## EXERCISE
Every line below needs to be transcribed without alteration, and no image may be carried over.

## DATA FOR THE TASK
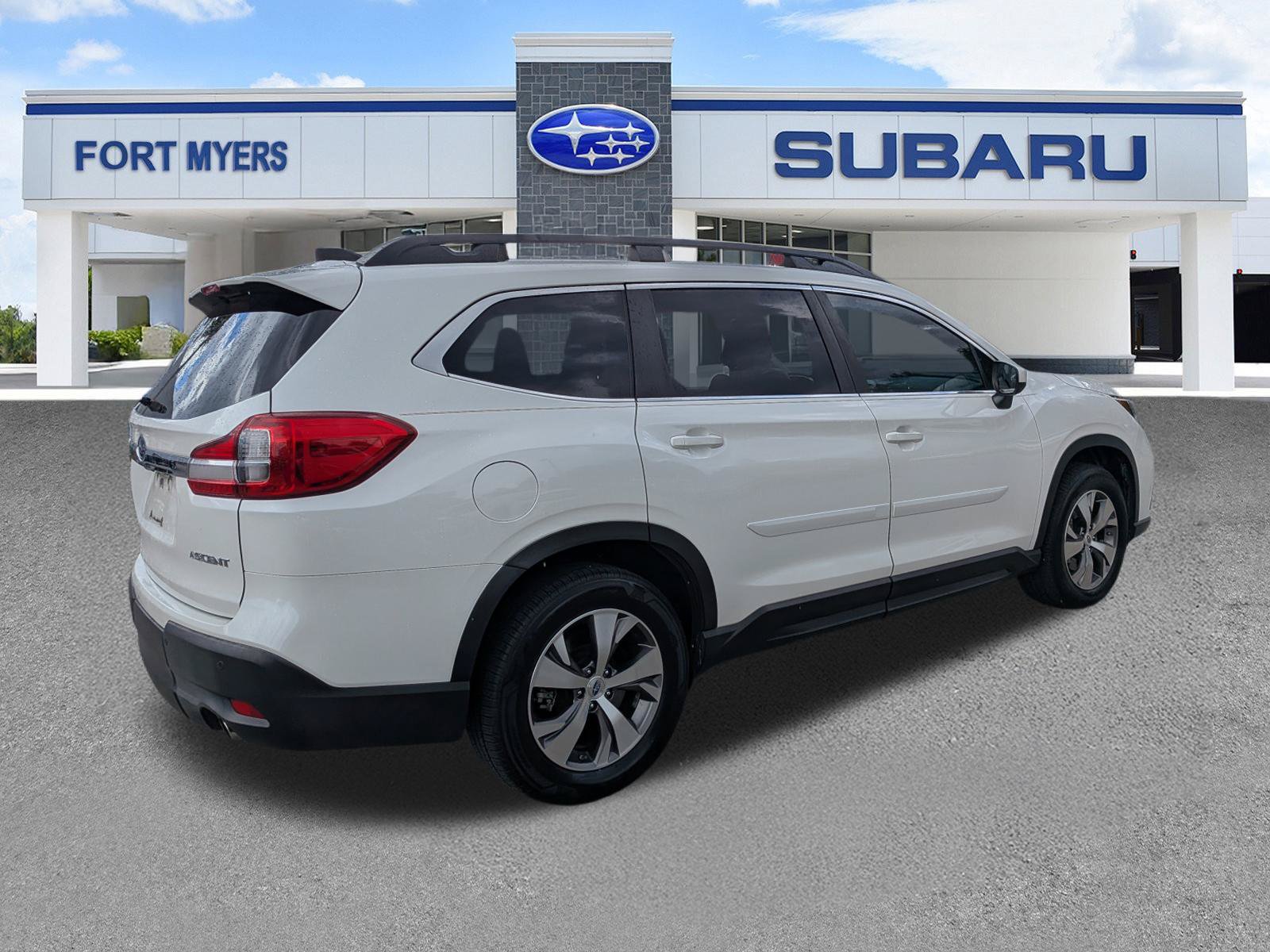 Used 2019 Subaru Ascent Premium AWD/4WD image 4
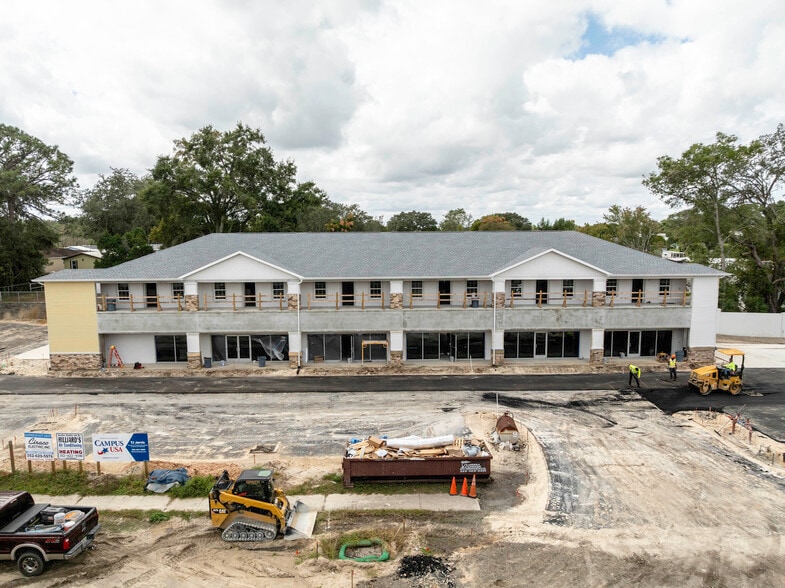 1124 Teague Trail, Lady Lake, FL à louer - Photo principale – Image 1 sur 12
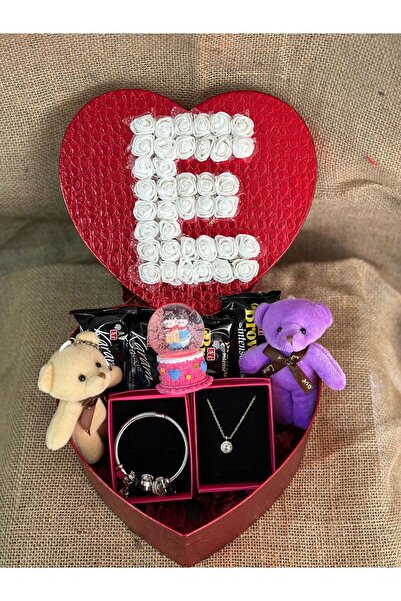 PİNK SHAKE 14 Şubat Sevgilier Günü Hediye Kutusu Güllü Kolyeli Kar Küresi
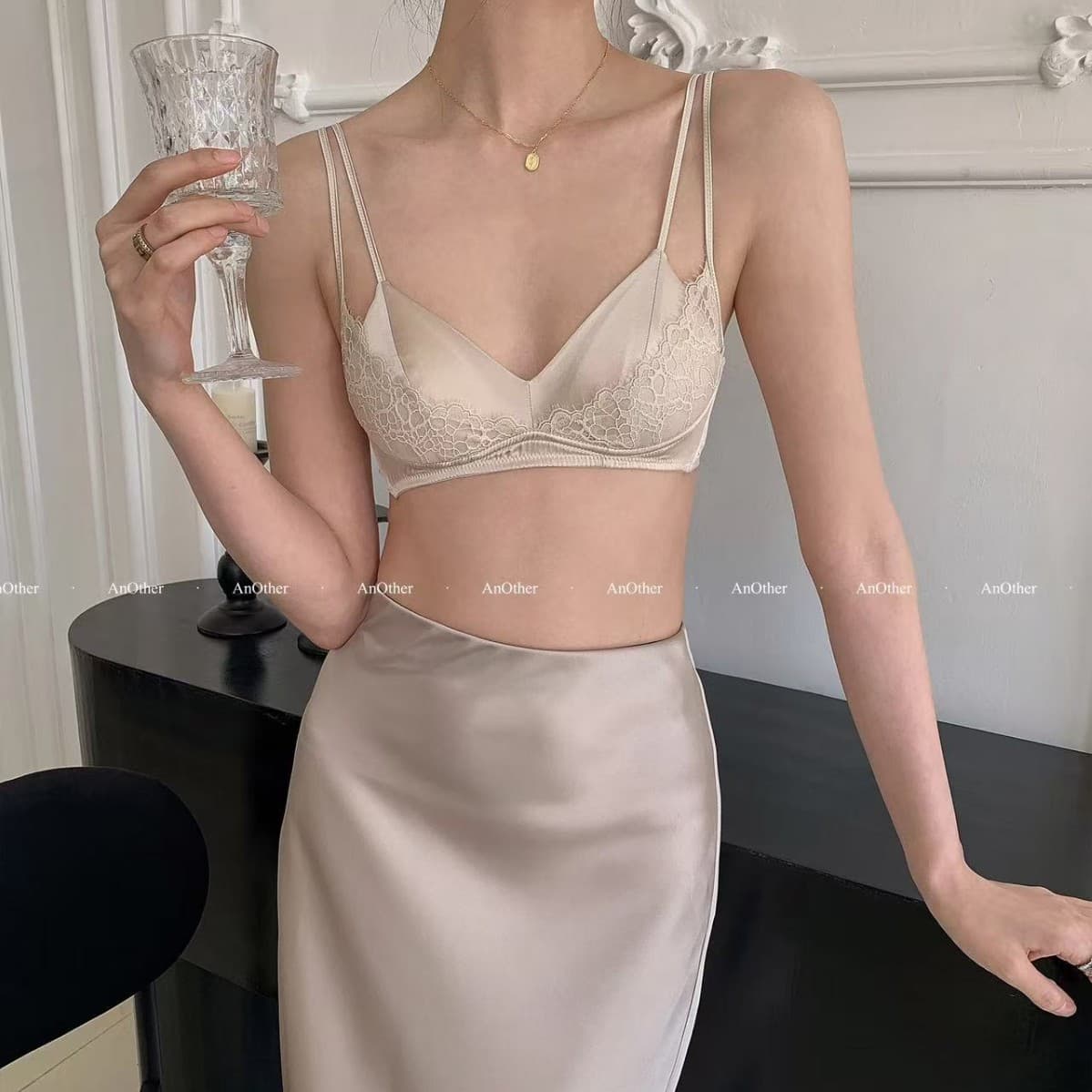 Triangle Cup Wireless Satin with Lace Trim Push-up Bra for Women Minimizing for Large Busts Bra Simple Luxury French Retro.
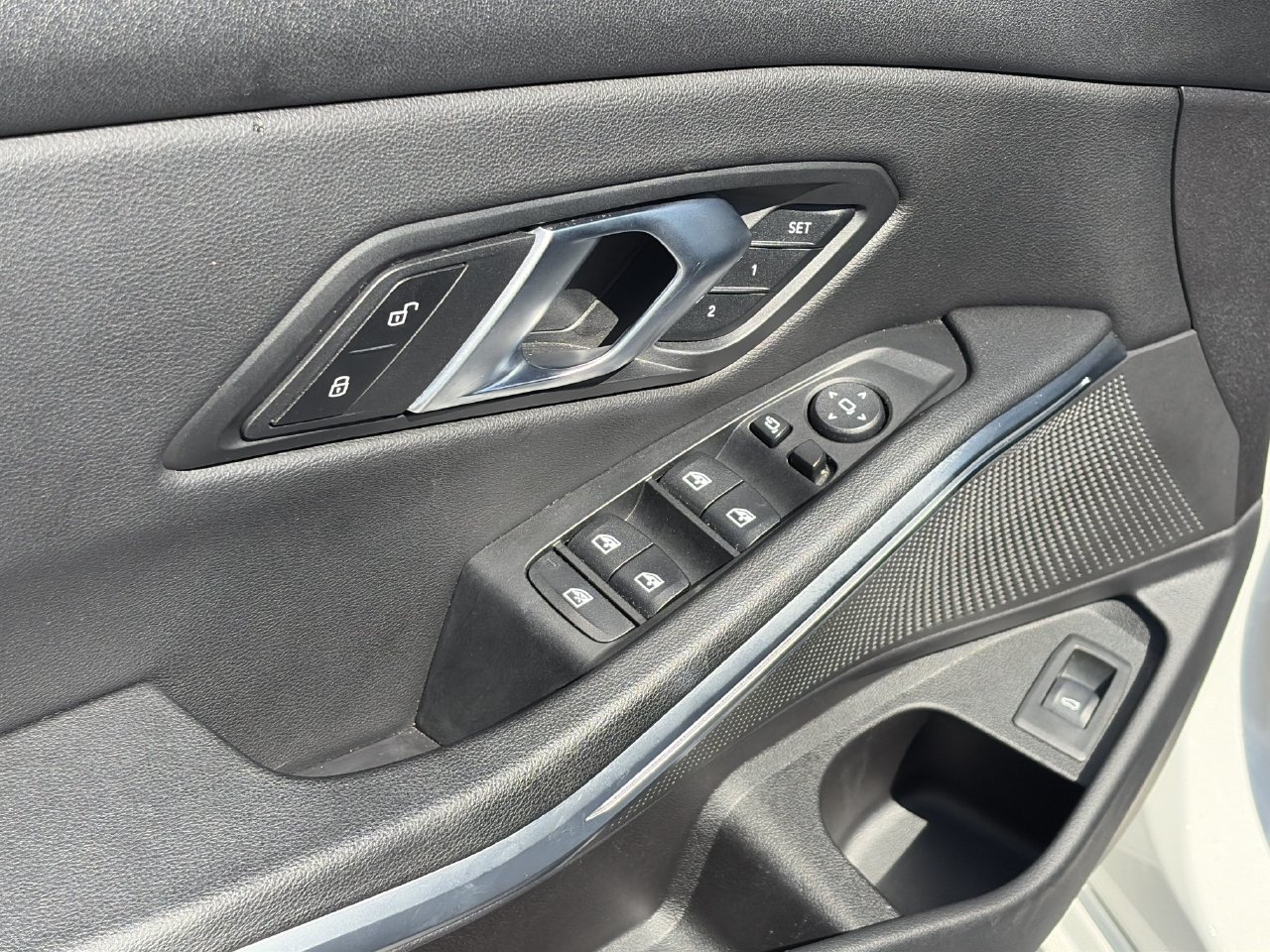 Used 2025 BMW 330i Sedan RWD image 15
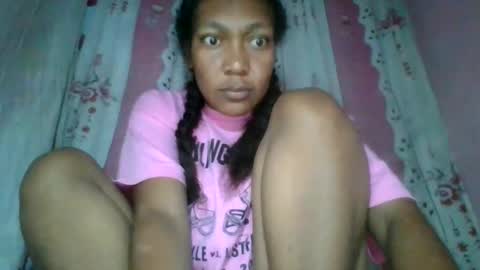 Snapshot of josy918592 chatting on June 11, 3:04 am josy918592 online show from June 11, 3:04 am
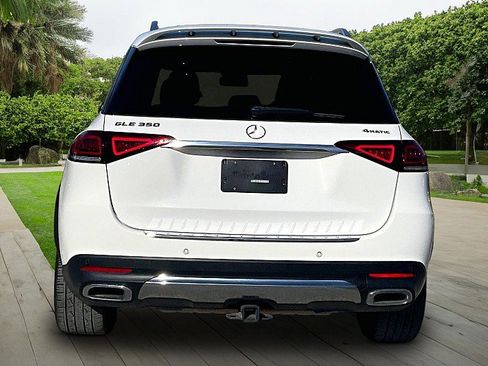 Used 2021 Mercedes-Benz GLE 350 4MATIC w/ Premium Package image 4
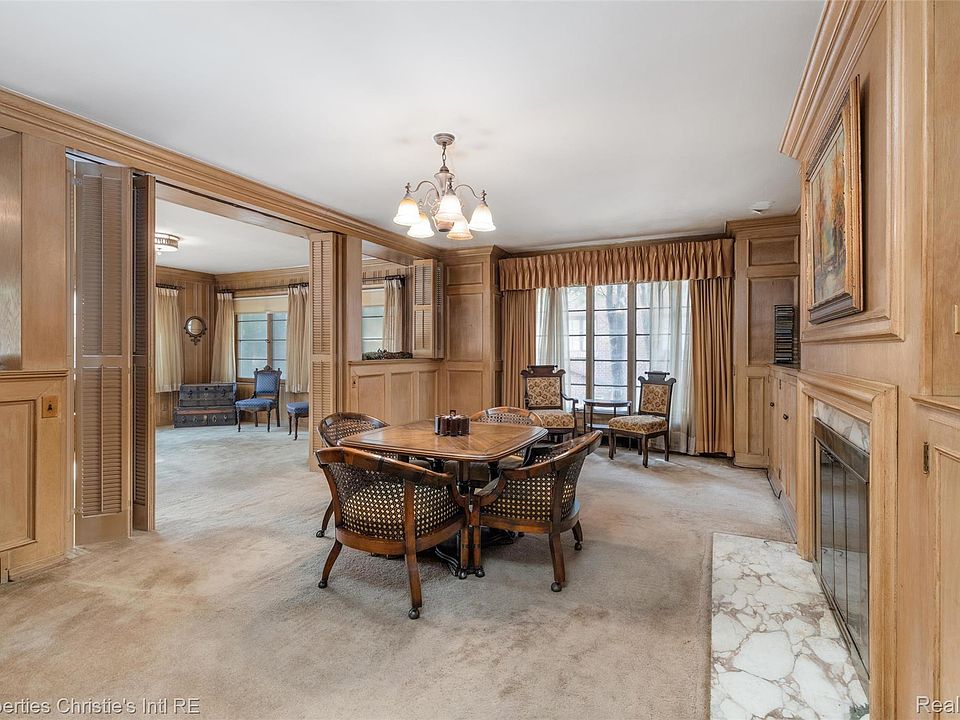 19262 Strathcona Dr, photo 10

## RESULT BELOW
 Used 2019 Subaru Ascent Premium AWD/4WD image 4
 1124 Teague Trail, Lady Lake, FL à louer - Photo principale – Image 1 sur 12
 PİNK SHAKE 14 Şubat Sevgilier Günü Hediye Kutusu Güllü Kolyeli Kar Küresi
 Triangle Cup Wireless Satin with Lace Trim Push-up Bra for Women Minimizing for Large Busts Bra Simple Luxury French Retro.
 Used 2025 BMW 330i Sedan RWD image 15
 Snapshot of josy918592 chatting on June 11, 3:04 am josy918592 online show from June 11, 3:04 am
 Used 2021 Mercedes-Benz GLE 350 4MATIC w/ Premium Package image 4
 19262 Strathcona Dr, photo 10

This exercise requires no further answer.